Справедливости ради, я не могу не отметить, что эта повесть — единственная у Стругацких, которая смогла поразить меня хотя бы несколькими высокохудожественными ироничными зарисовками: «старуха в своей воркующей модификации была мне ещё неприятнее, нежели в сварливой», «Бодрствующие головы залопотали по-эллински и разбудили одну голову, которая знала русский язык», «…содержался Кощей в бесконечном предварительном заключении, пока велось бесконечное следствие по делу о бесконечных его преступлениях.»
И все же, после двух предыдущих повестей, где сюжетная линия была весьма неплоха и напориста, здесь Стругацкие снова теряют остроту. В целом книга художественно неплоха (если не брать в расчет заикания Киврина). В ней нет ничего сильно раздражающего, впрочем, и восхищающего (кроме послесловия) тоже ничего нет. Единственным интересным с философско-психологической точки зрения является, пожалуй, лишь фигура директора А- и У-Януса, восходящая к «Я» и «Сверх-Я» Фрейда, но и она не раскрыта до желаемого мной уровня. Если в первом и втором рассказе Стругацкие еще пытаются развлекать нас сказкой, то к третьему рассказу инородный для них жанр начинает, похоже, утомлять и их самих и они плавно переводят нас в свой привычный мир «ржавых ракет» и «одноглазых астронавтов без левой руки и правой ноги».
Эта повесть — одна из немногих, которую сложно критиковать серьезно, ибо ничего серьезного здесь и нет, ведь по большому счету в этой повести Стругацкие высмеивают, в том числе и самих себя, а самоирония для любого писателя — вещь крайне необходимая и полезная.
Краткое послесловие повести — вот, где можно получить удовольствие от художественного приема.

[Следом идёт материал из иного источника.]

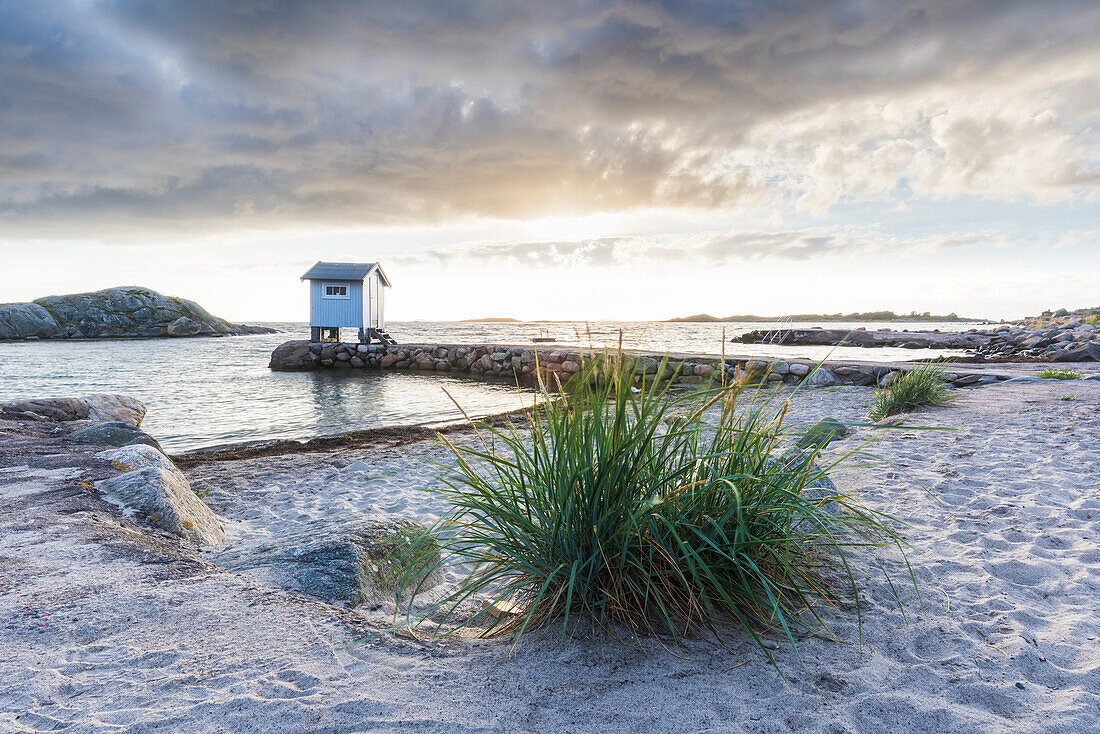 Sandy beach, wooden building on background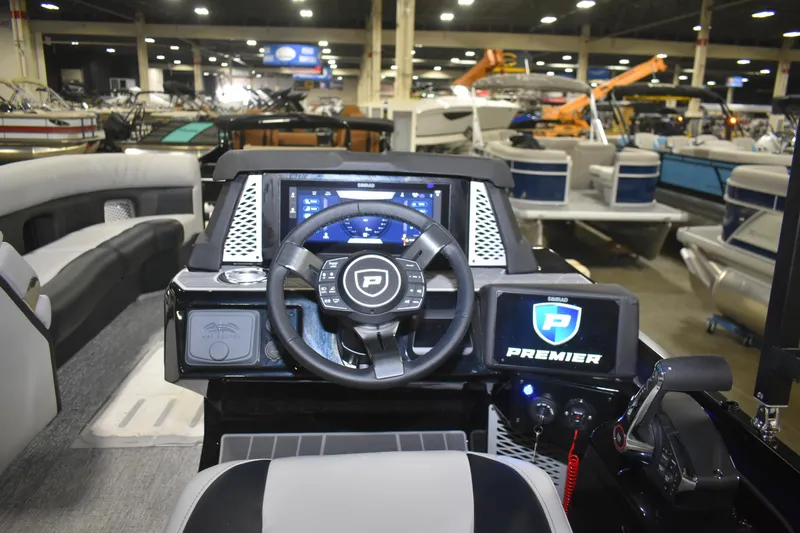 Slide: The Image of Interior view of 2026 Premier 250 Intrigue RLO - CL boat dashboard at a showroom. - 5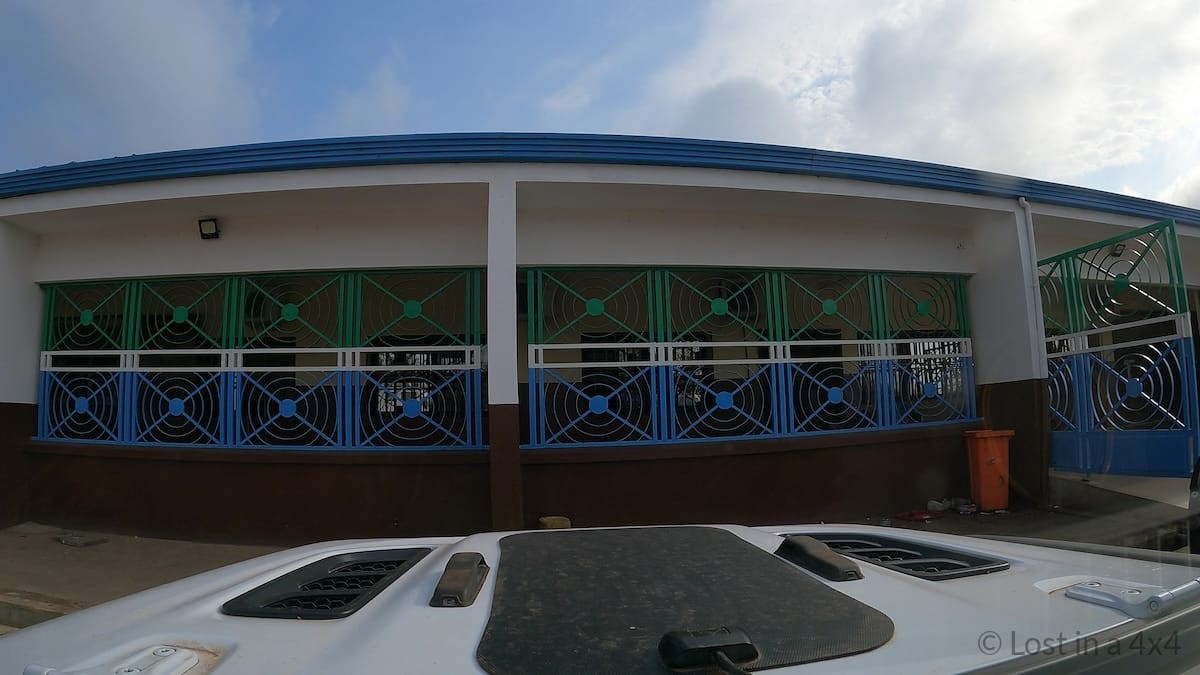 View from inside a Jeep Wrangler Rubicon parked at the Sierra Leone immigration and customs border post during a West Africa overland trip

Ради этого все же стоит дочитать эту книгу до конца. Критика авторов от лица героя их собственной книги — это великолепный ход. Это шедеврально! Такого вы не встретите ни в одной другой книге Стругацких.
«Хищные вещи века»
Очередную книгу Стругацкие снова пишут с использованием нелюбимой мной фокальной точки. Тексты, написанные «от первого лица» постоянно сопутствуют ограничения, которые слишком часто приводят к зажатости сюжета и скованности всего произведения в целом. Автор не может рассказывать о событиях, о которых главный герой по сюжету ничего не должен знать. Он по определению не может влезать в головы к другим персонажам и описывать то, что они чувствуют и думают. Из-за этого масштабность произведения сужается до пути лишь одного героя и цельность общей картины (см. к примеру, комментарии к «Далекой Радуге»), которую мне бы так хотелось увидеть, таким образом утрачивается.
Вот и в «Хищных вещах века» мы так и ходим за Иваном Жилиным то туда, то сюда. Дабы оставаться объективным, следует отметить, что подобная манера, конечно же, свойственна не только братьям Стругацким, но другим фантастам (Г. Уэллс «Война миров», «Машина времени»).